§ Problem details: With pictures removed, the data below should be returned exactly.

§ Raw data:
____________

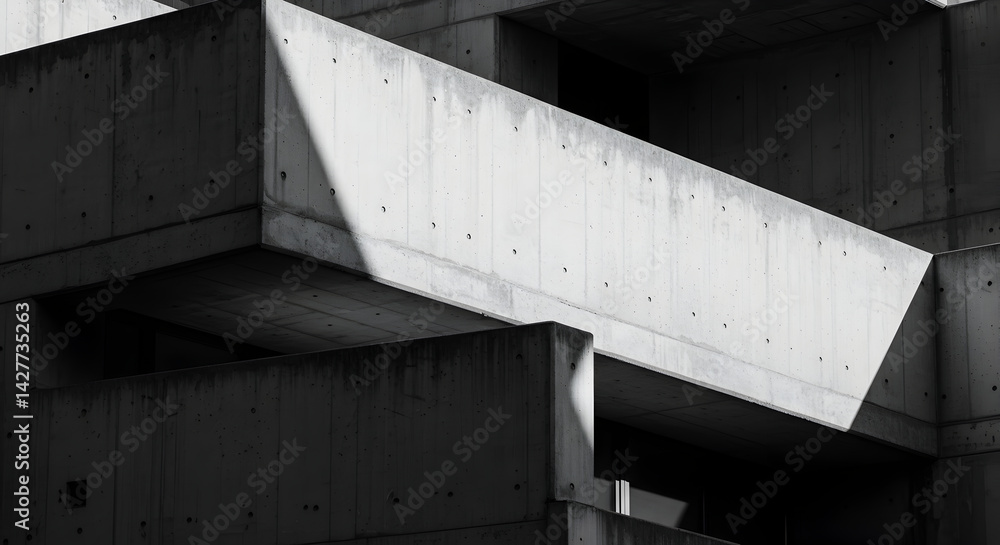 Poster abstract concrete architecture with geometric shadows and minimalist design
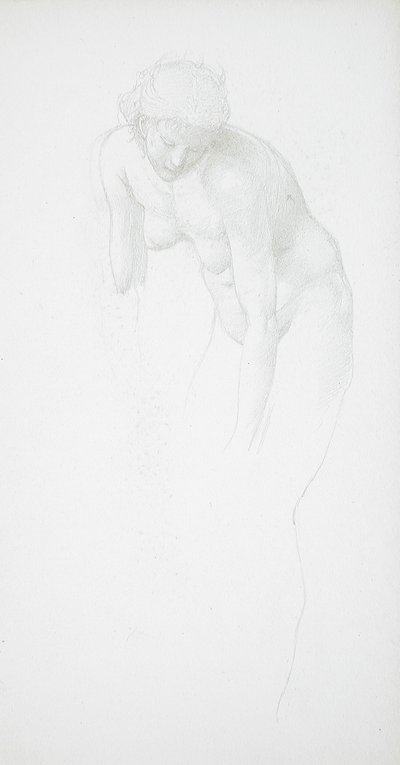 Bøjende kvindelig nøgenmodel af Edward Burne-Jones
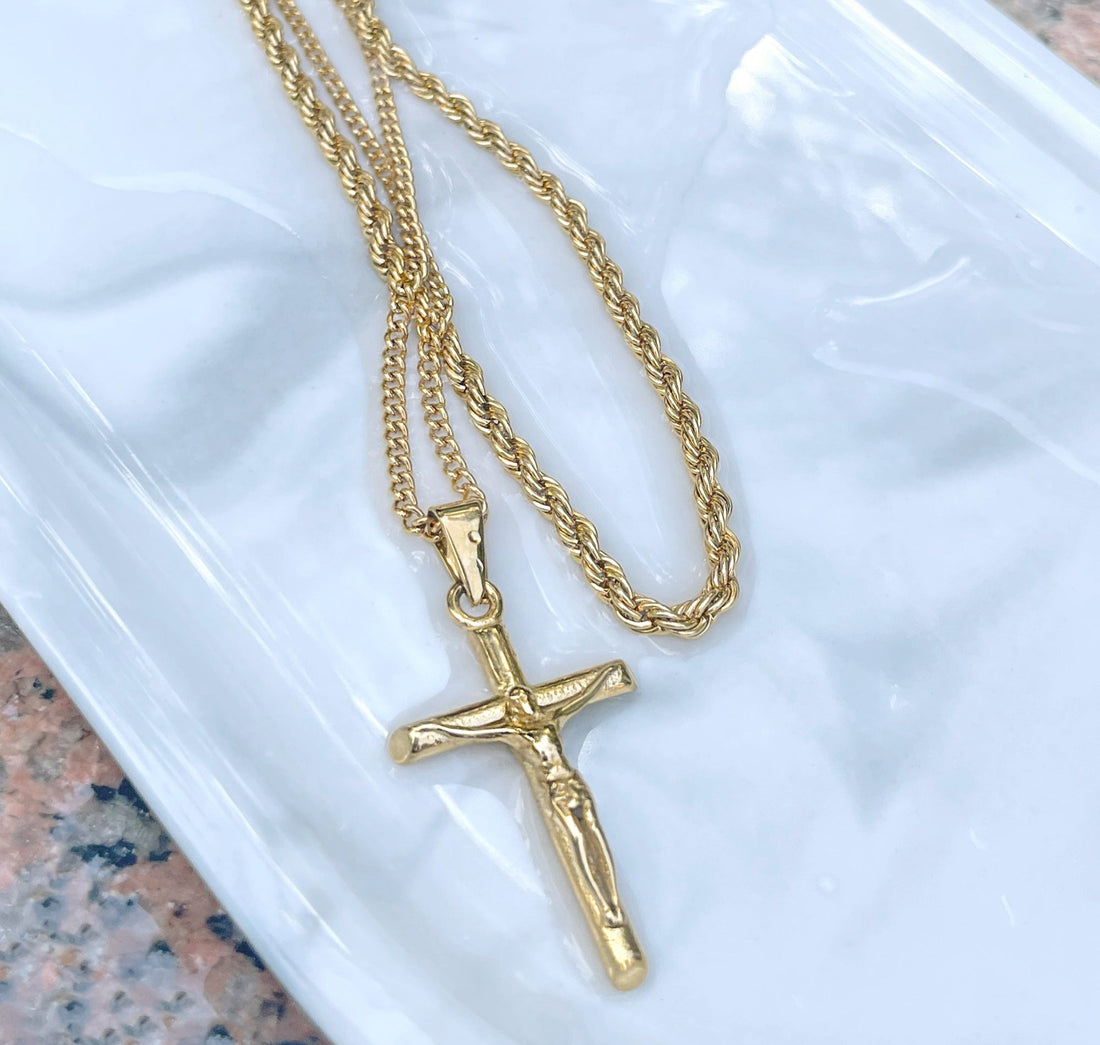 gold jesus pendant men necklace waterproof jewelry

____________

§ Finished task:
 Poster abstract concrete architecture with geometric shadows and minimalist design
 Bøjende kvindelig nøgenmodel af Edward Burne-Jones
 gold jesus pendant men necklace waterproof jewelry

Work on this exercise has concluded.